▶ Task to complete
Please give back, word for word, each line from the start of the entries through the one in which "ил-76, транспортный, ильюшин" is found.

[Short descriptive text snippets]
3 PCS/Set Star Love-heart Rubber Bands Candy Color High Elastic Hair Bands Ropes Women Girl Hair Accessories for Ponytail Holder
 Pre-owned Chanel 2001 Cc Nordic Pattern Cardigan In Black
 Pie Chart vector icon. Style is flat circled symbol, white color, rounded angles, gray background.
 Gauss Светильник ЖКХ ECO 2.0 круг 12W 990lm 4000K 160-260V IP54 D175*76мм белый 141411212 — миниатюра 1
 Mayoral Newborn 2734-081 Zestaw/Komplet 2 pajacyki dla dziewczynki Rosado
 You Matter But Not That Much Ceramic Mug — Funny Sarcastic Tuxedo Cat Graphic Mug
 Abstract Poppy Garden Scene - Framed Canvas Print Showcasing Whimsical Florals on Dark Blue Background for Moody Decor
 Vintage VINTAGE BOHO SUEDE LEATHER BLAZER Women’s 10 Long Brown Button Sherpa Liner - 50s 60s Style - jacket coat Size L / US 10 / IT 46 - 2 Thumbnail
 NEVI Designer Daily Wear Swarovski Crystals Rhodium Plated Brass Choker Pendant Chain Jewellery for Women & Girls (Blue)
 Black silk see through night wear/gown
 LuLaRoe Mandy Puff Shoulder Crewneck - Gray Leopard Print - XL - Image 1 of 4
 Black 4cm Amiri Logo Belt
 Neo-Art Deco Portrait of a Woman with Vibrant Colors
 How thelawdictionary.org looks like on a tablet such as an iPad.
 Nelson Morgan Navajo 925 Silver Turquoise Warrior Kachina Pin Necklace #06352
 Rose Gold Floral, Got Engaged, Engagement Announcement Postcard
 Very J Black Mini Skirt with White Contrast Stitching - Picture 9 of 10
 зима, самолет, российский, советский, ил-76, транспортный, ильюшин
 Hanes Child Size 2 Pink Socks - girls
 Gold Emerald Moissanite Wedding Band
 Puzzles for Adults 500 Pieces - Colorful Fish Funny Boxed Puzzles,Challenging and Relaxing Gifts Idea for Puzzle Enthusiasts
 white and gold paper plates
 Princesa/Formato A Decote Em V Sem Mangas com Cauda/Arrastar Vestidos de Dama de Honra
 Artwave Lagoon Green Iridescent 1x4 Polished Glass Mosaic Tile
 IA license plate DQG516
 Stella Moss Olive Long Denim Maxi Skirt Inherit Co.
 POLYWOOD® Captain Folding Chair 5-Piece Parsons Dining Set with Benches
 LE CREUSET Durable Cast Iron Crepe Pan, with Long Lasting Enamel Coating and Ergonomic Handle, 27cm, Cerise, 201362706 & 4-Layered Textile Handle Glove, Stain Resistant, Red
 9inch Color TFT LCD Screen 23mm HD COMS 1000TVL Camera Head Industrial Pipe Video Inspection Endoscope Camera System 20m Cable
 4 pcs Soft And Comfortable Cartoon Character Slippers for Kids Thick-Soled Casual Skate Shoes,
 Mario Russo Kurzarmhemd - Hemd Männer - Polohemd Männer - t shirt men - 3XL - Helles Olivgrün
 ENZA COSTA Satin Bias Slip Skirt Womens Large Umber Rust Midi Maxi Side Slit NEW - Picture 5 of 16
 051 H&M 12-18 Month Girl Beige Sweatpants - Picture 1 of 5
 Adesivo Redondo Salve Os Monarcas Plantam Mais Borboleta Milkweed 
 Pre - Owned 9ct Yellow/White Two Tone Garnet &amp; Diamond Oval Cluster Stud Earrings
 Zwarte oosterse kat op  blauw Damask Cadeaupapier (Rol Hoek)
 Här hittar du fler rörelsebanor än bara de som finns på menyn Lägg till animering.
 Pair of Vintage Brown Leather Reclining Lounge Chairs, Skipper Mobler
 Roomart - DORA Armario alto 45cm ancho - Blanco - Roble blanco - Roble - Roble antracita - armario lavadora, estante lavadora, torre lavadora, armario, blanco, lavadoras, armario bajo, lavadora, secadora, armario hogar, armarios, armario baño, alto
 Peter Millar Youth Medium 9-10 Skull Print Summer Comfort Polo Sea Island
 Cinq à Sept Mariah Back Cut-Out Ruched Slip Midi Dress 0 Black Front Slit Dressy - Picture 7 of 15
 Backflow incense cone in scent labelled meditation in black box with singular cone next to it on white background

▶ Task result
3 PCS/Set Star Love-heart Rubber Bands Candy Color High Elastic Hair Bands Ropes Women Girl Hair Accessories for Ponytail Holder
 Pre-owned Chanel 2001 Cc Nordic Pattern Cardigan In Black
 Pie Chart vector icon. Style is flat circled symbol, white color, rounded angles, gray background.
 Gauss Светильник ЖКХ ECO 2.0 круг 12W 990lm 4000K 160-260V IP54 D175*76мм белый 141411212 — миниатюра 1
 Mayoral Newborn 2734-081 Zestaw/Komplet 2 pajacyki dla dziewczynki Rosado
 You Matter But Not That Much Ceramic Mug — Funny Sarcastic Tuxedo Cat Graphic Mug
 Abstract Poppy Garden Scene - Framed Canvas Print Showcasing Whimsical Florals on Dark Blue Background for Moody Decor
 Vintage VINTAGE BOHO SUEDE LEATHER BLAZER Women’s 10 Long Brown Button Sherpa Liner - 50s 60s Style - jacket coat Size L / US 10 / IT 46 - 2 Thumbnail
 NEVI Designer Daily Wear Swarovski Crystals Rhodium Plated Brass Choker Pendant Chain Jewellery for Women & Girls (Blue)
 Black silk see through night wear/gown
 LuLaRoe Mandy Puff Shoulder Crewneck - Gray Leopard Print - XL - Image 1 of 4
 Black 4cm Amiri Logo Belt
 Neo-Art Deco Portrait of a Woman with Vibrant Colors
 How thelawdictionary.org looks like on a tablet such as an iPad.
 Nelson Morgan Navajo 925 Silver Turquoise Warrior Kachina Pin Necklace #06352
 Rose Gold Floral, Got Engaged, Engagement Announcement Postcard
 Very J Black Mini Skirt with White Contrast Stitching - Picture 9 of 10
 зима, самолет, российский, советский, ил-76, транспортный, ильюшин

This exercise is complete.